Vibrotactile Threshold and Pin-Prick Sensitivity as Indicators of Subclinical Changes in Somatosensory Function: Effects of Environmental Exposure to Arsenic in Drinking Water

DA Otto1, HK Hudnell1, Y-H Li2, YJ Xia2
1US Environmental Protection Agency, Research Triangle Park, NC 27711 USA
2Institute of Endemic Disease, Huhhot, Inner Mongolia

Introduction. Peripheral neuropathy results from exposure to a variety of neurotoxic compounds. Clinical assessment of peripheral neuropathy is commonly based on electrophysio-logical measures of nerve conduction velocity (NCV). However, data on early, subclinical changes in neurologic function resulting from exposure to neurotoxicants are needed for human health risk assessment. Behavioral measures of vibrotactile thresholds (VTT) and pin-prick sensitivity (PPS) provide non-invasive methods for assessing somatosensory function that are suitable for use in field studies. VTT measures have previously identified subclinical effects from exposure to organic solvents, jet fuel, elemental mercury and organophosphate pesticides (1). The current study investigated the effects of environmental exposure to arsenic in drinking water on somatosensory function using VTT and PPS techniques. Methods. A population of farm families living in the Bamen region of Inner Mongolia chronically exposed to arsenic in well water were screened for potentially confounding factors. 309 residents (mean age 35.8 +/- 12.8 years) qualified for participation. Subjects were assigned to three exposure groups based on arsenic levels in individual wells as follows: low (<20 ug/L; N=97), medium (100-300 ug/L; N=109) and high (400-700 ug/L; N=103). VTT was measured on the dorsal surface of digit 2 and the ventral surface of digit 5 on each hand. PPS was assessed on both arms and both legs. Results. VTT was significantly elevated and PPS was significantly reduced in the high exposure group relative to both the medium and low exposure groups. The data suggested a larger exposure effect on PPS than VTT. Conclusion. These results indicate that subclinical effects of chronic arsenic exposure on somatosensory function are observable only at exposure levels well above those associated with increased risk for cancer.
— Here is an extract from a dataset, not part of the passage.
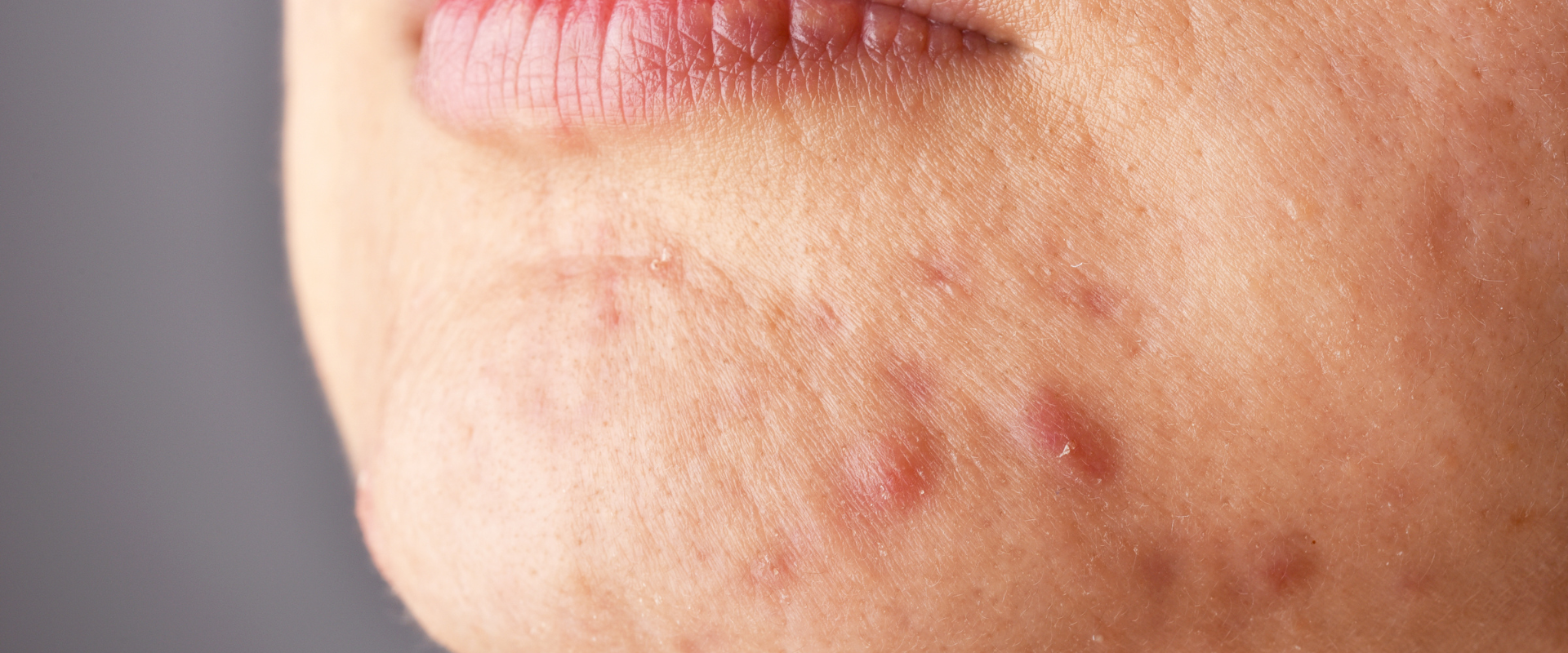 taches d'hyperpigmentation sur une femme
Differences between the VTT and PSS results suggest that small diameter unmyelinated axons with free nerve endings in superficial skin layers may be more susceptible to exposure than the larger diameter and myelinated axons with Pacinian corpuscle receptors located in deeper skin layers. This is an abstract of a proposed presentation and does not necessarily reflect EPA policy.

(1) D Mergler. Behavioral Neurophysiology: Quantitative Measures of Sensory Toxicity. In: LW Chang & W Slikker (eds). Neurotoxicology: Approaches and Methods, New York, Academic Press, 1995, ch47 pp727-736.